Friday, September 13th, 1940

My dear Joan,

Here is your next copy of “Sunny Stories”(1), and I hope you enjoy reading it very much. It looks ever so good to me. I do hope they can go on printing it so that I can send it to you every week until you come home again, but you know, paper is getting so scarce that they may stop printing it, which would be a great shame, wouldn’t it?

Now, what do you think? I have seen your picture in the paper. The one of you with a ball, and we think it is ever so good. But what we want to know more than anything, is just what you are doing, and so that you can write to us and tell us just what, we want to know most, I think it would be a good idea if I asked you one or two questions every time I write and you answer them when you reply. You think that is a good idea. Very well then, here are the questions.

We got a letter from you that you wrote and the big boat brought back and posted to us from Liverpool, the place that you went from. I think we have a lot to thank your lady escort for.
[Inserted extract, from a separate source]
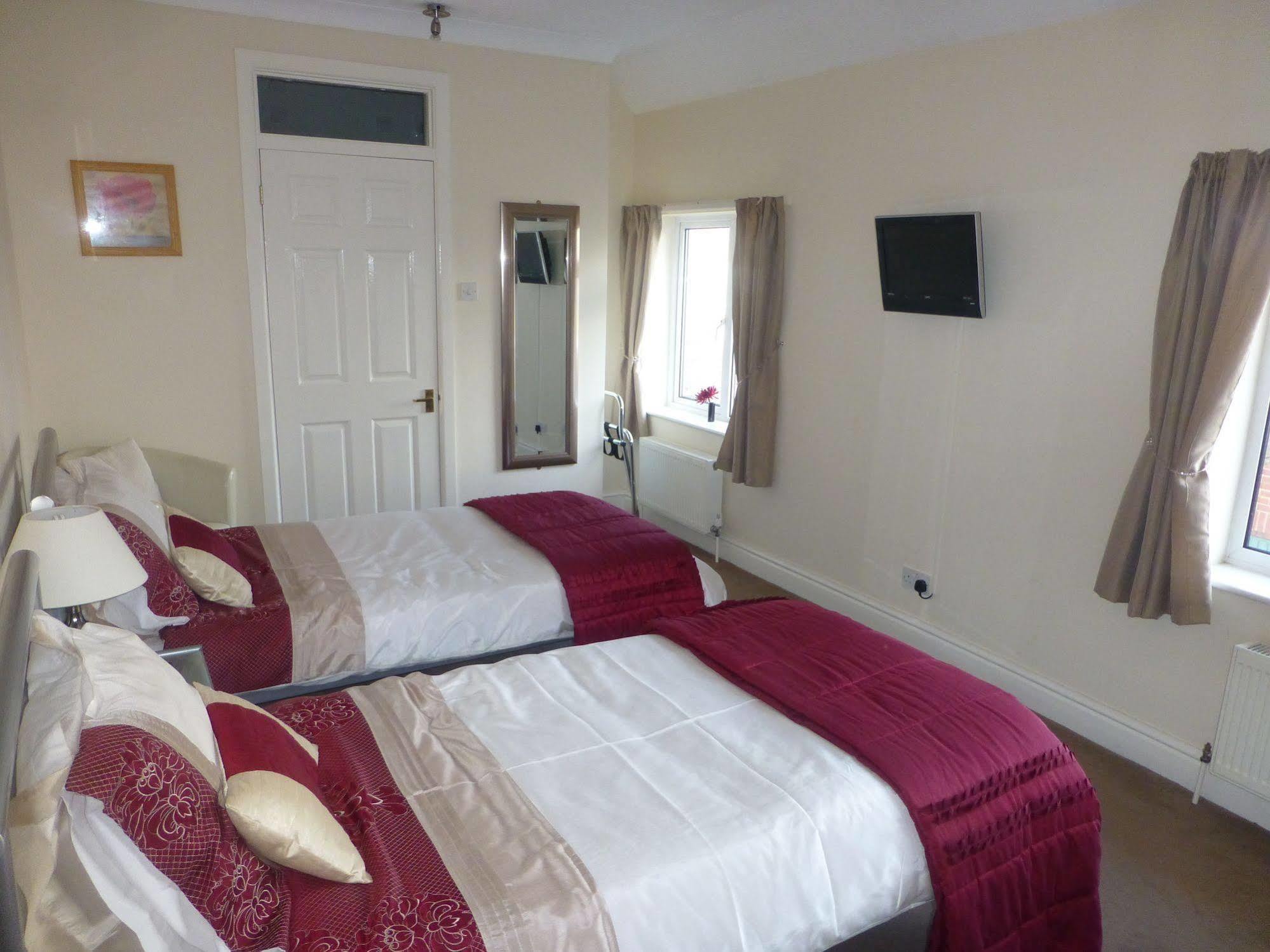 Beech Lodge Guest House New Milton Bagian luar foto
Her name was Miss Crawford we see, for she sent a letter to us as well and said how good you had all been and how you had enjoyed the trip. We cannot write to thank her either because she did not send us her address. But she must have been a dear lady and we are very grateful to her for looking after you all. One day, Joan, you will realise what a good and brave lady she was to you all, and I hope you will grow up like her, to do the nasty jobs well as well as the nice ones.
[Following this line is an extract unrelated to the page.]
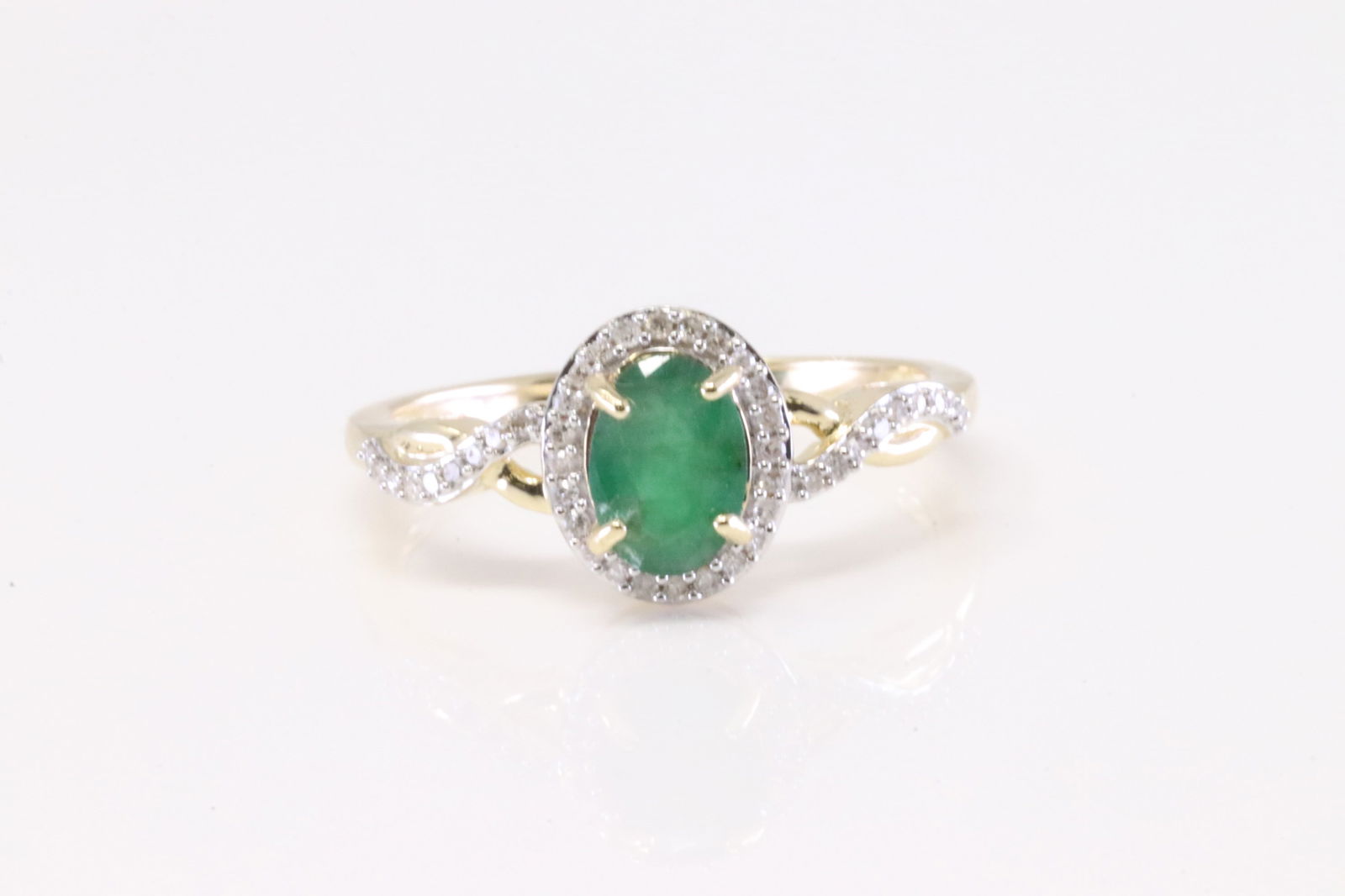 Emerald & Diamond Ring 10Kt. (1 of 4)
Those two other babies are getting little tartars(3). Always up to mischief of some sort. They cannot quite understand where you have gone. They hardly ever talk of you but whenever we mention jour name, as we are always doing, they look up from their game and smile as much as to say “Yes, we remember Joan. Won’t it be lovely when she comes home again to play with us”.
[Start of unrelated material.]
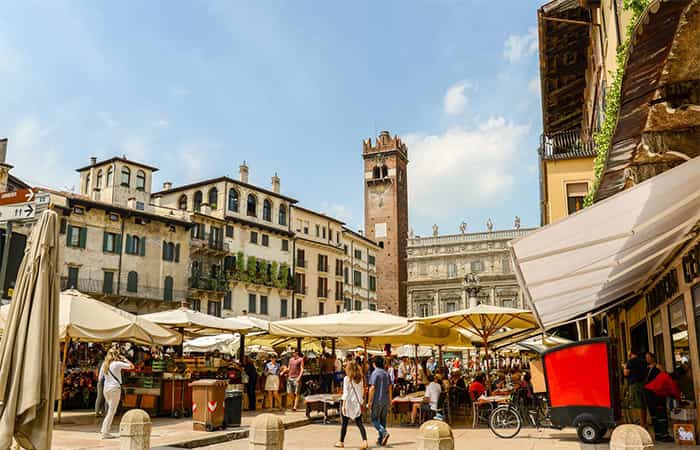 Verona-con-ninos-la-piazza-delle-erbe Verona con niños, la piazza delle Erbe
Mummy and Nanny are very well and send their love to you. We are always thinking of you and wondering what you are doing. We have to put our clock back four hours to get your time and then we can say, “Joan is getting up now” or “Joan is going to bed now”. But we don’t really know for sure until you write and tell us just what you do all day. So don’t forget, when you are settled down we would so much like to hear from you once every week.

Heaps of love, Joan darling, and come back to us strong and safe. As soon as we know with whom you are living we want to write to them as well. Cheerio(4), from your loving
Daddy

Best love and kisses to dear Joan from Mummy
xxxxxxxxxx

  1. Sunny Stories was a children's magazine published in the United Kingdom in the first half of the 20th century.
  2. Baby Olive was Joan's doll.
  3. Tartars means formidable or a handful.
  4. People sometimes say 'cheerio' as a way of saying goodbye, especially in British English.